### Problem requirements
Transcribe the listing exactly, so that nothing but the pictures is missing.

───── Given data ─────

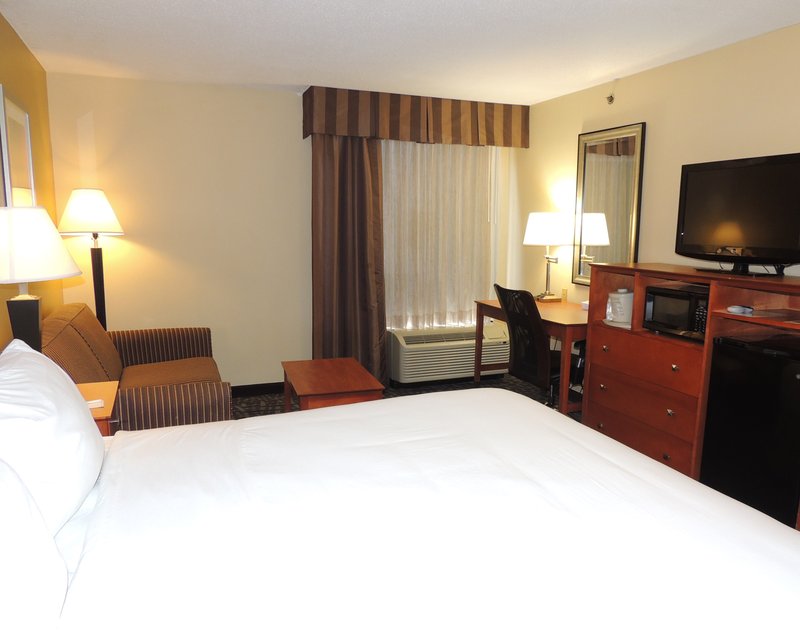 HOLIDAY INN EXP STE TRUSSVILLE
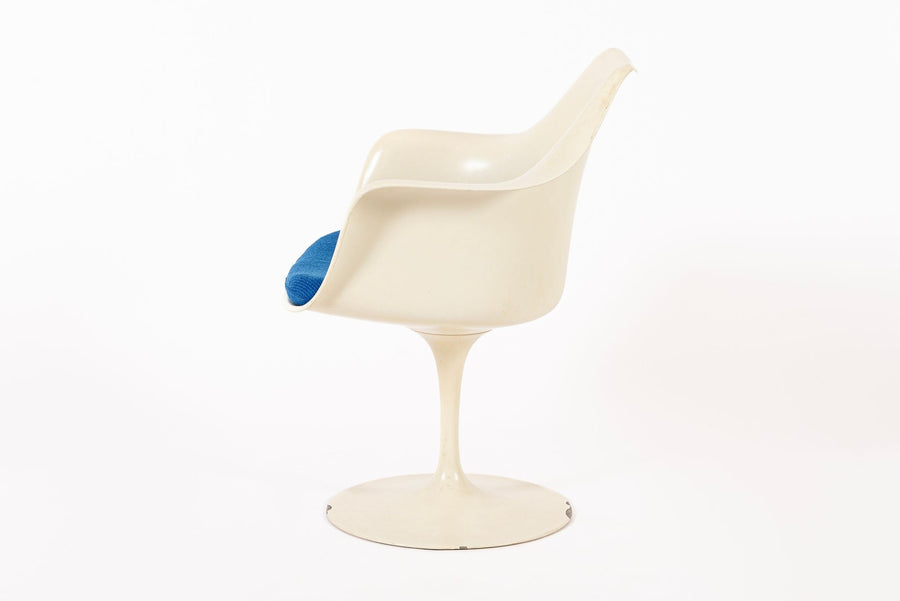 Original Fiberglass Tulip Arm Chair by Eero Saarinen for Knoll 1970s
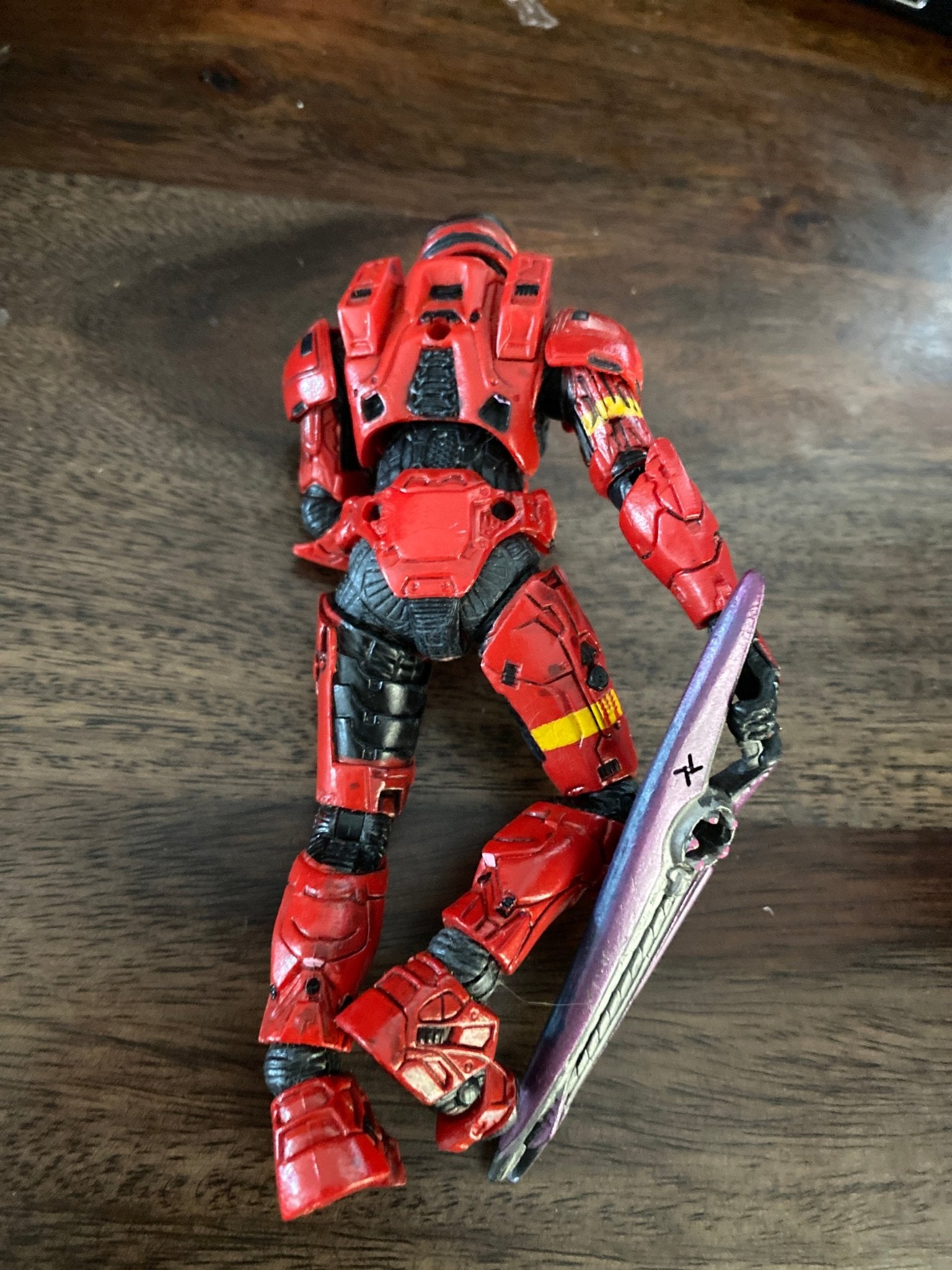 Mcfarlane Halo 4 Series 1 Red Spartan Warrior with weapon - toyscardscomics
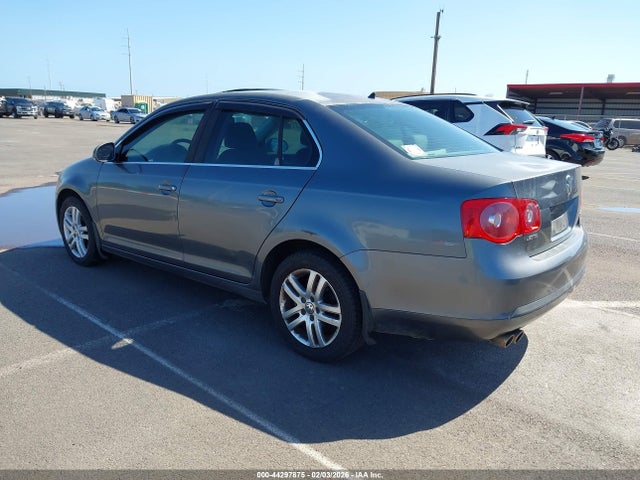 2007 Volkswagen Jetta Wolfsburg Edition მანქანა იყიდება აუქციონზე, vin: 3VWEF81K87M058557, აუქციონის ნომერი: 44297875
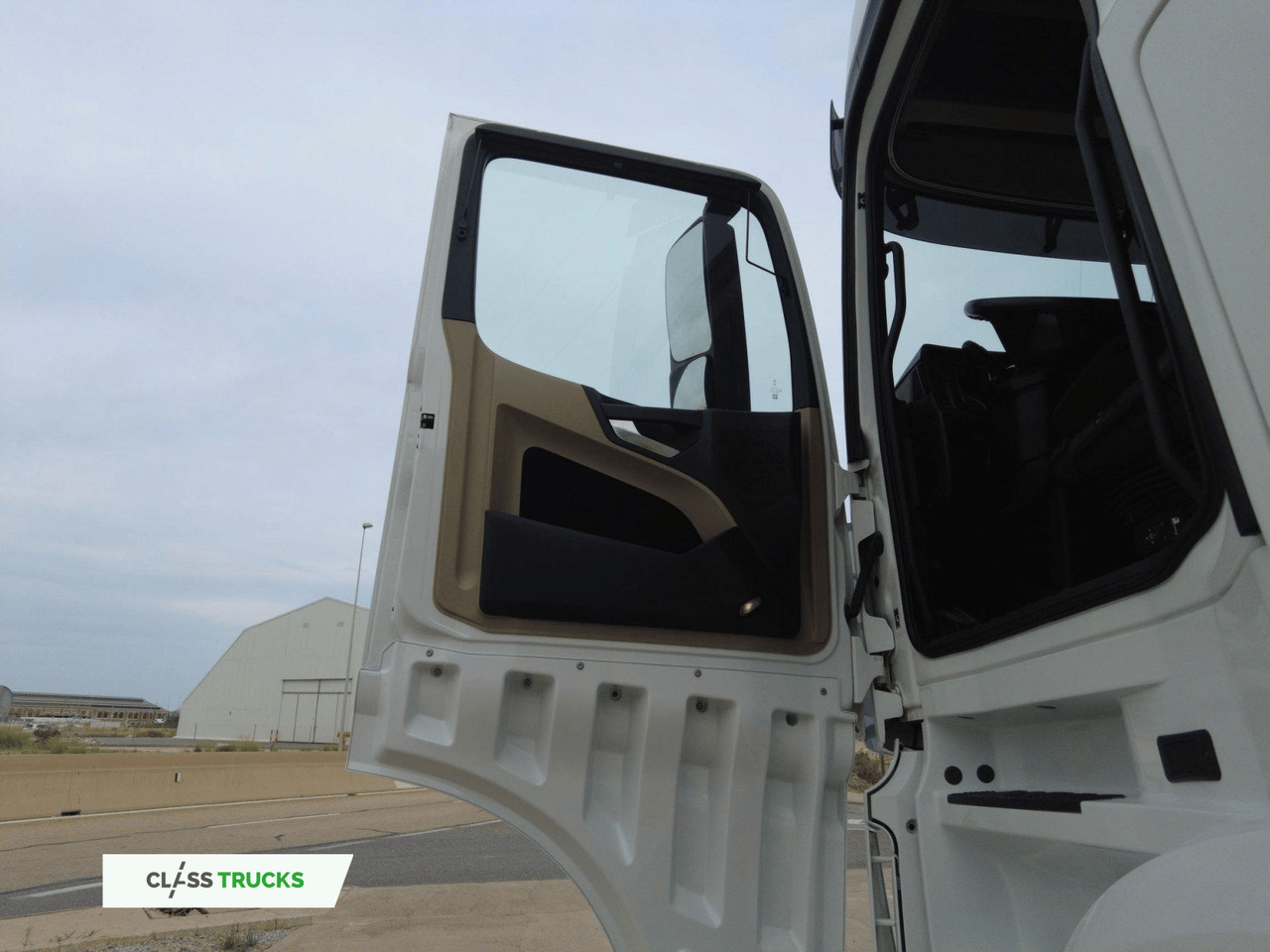 Mercedes-Benz Actros 5 1845 BigSpace - شاحنة جرار: صور 3 Mercedes-Benz Actros 5 1845 BigSpace - شاحنة جرار: صور 3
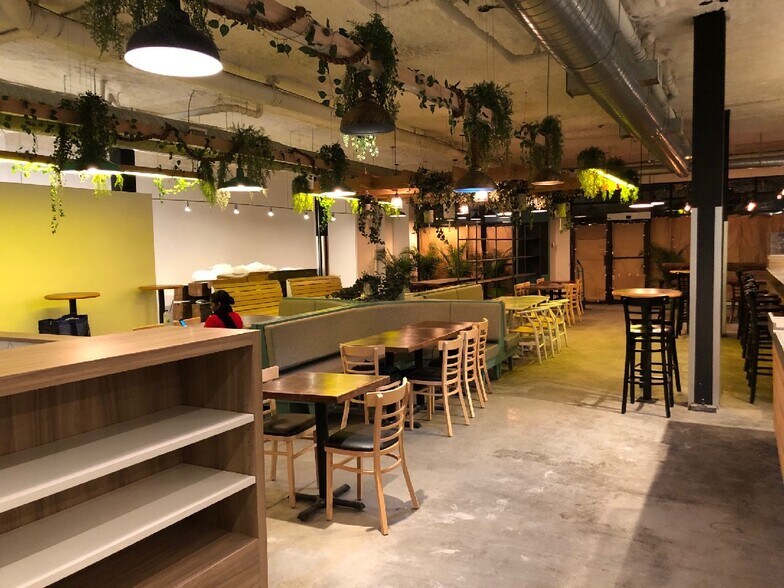 More Photos Of 5329 Av Du Parc, Montréal Storefront Retail Residential For Sale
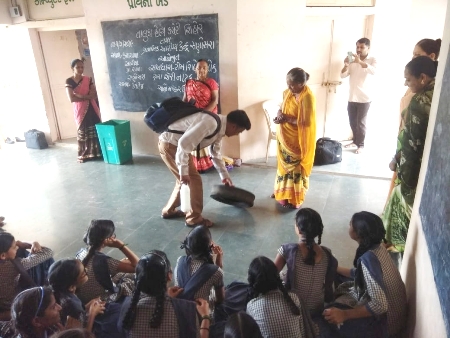 સણોસરામાં મચ્છર સામે જાગૃતિ નાટક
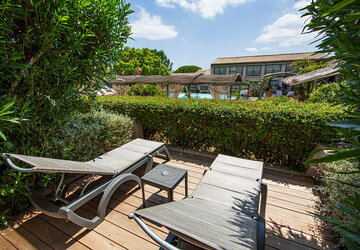 Terrasse chambre confort - Hôtel Le Roi Théodore Restaurant & Spa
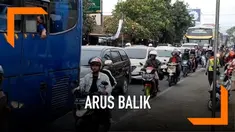 Polisi memberlakuakn sistem satu arah mengatasi kemacetan arus balik dari Garut menuju tol Cileunyi. Kepadatan didominasi oleh kendaraan roda empat dan roda dua.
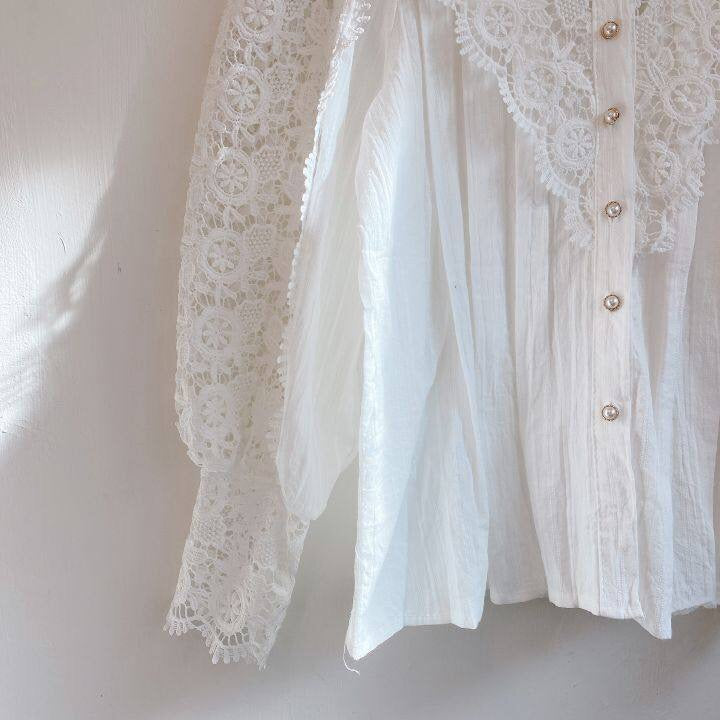 ELOISE - Elegante damesblouse met stijlvolle hoge hals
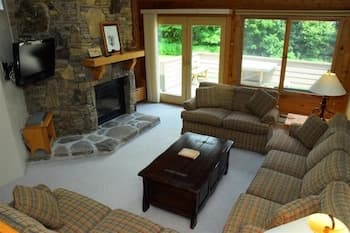 Seven Springs Sunridge 2 Bedroom Standard Condo, Ski-in/out! 2 Condo by Redawning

─────

### Finished task
 HOLIDAY INN EXP STE TRUSSVILLE
 Original Fiberglass Tulip Arm Chair by Eero Saarinen for Knoll 1970s
 Mcfarlane Halo 4 Series 1 Red Spartan Warrior with weapon - toyscardscomics
 2007 Volkswagen Jetta Wolfsburg Edition მანქანა იყიდება აუქციონზე, vin: 3VWEF81K87M058557, აუქციონის ნომერი: 44297875
 Mercedes-Benz Actros 5 1845 BigSpace - شاحنة جرار: صور 3 Mercedes-Benz Actros 5 1845 BigSpace - شاحنة جرار: صور 3
 More Photos Of 5329 Av Du Parc, Montréal Storefront Retail Residential For Sale
 સણોસરામાં મચ્છર સામે જાગૃતિ નાટક
 Terrasse chambre confort - Hôtel Le Roi Théodore Restaurant & Spa
 Polisi memberlakuakn sistem satu arah mengatasi kemacetan arus balik dari Garut menuju tol Cileunyi. Kepadatan didominasi oleh kendaraan roda empat dan roda dua.
 ELOISE - Elegante damesblouse met stijlvolle hoge hals
 Seven Springs Sunridge 2 Bedroom Standard Condo, Ski-in/out! 2 Condo by Redawning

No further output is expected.